- _Required work_
All of the data that follows should be given again exactly, without its images.

- _Data block_
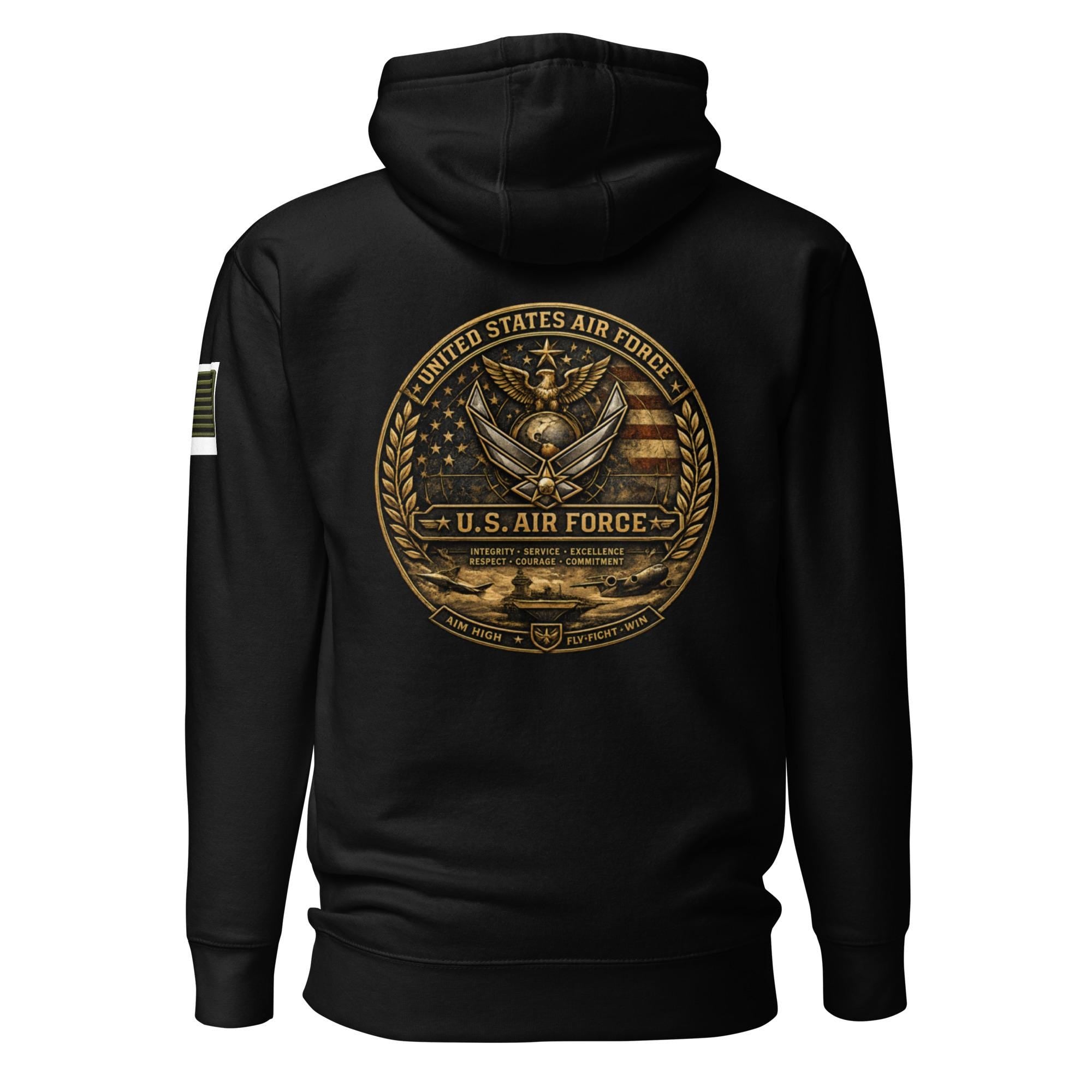 DDMaGee's Vets Unisex Hoodie
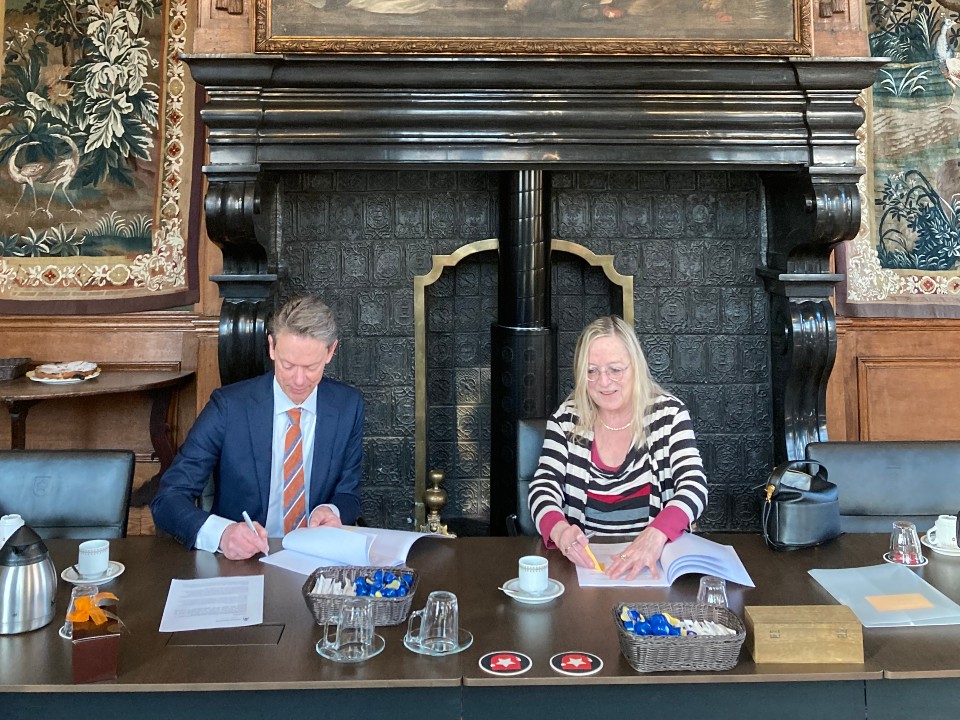 Gemeente Maastricht en Provincie Limburg investeren samen in sociale woningbouw en verbetering leefomgeving: bit.ly/3SHo6PY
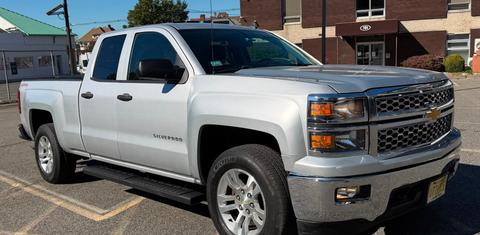 Chevrolet Silverado 1500 2014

- _Your response_
 DDMaGee's Vets Unisex Hoodie
 Gemeente Maastricht en Provincie Limburg investeren samen in sociale woningbouw en verbetering leefomgeving: bit.ly/3SHo6PY
 Chevrolet Silverado 1500 2014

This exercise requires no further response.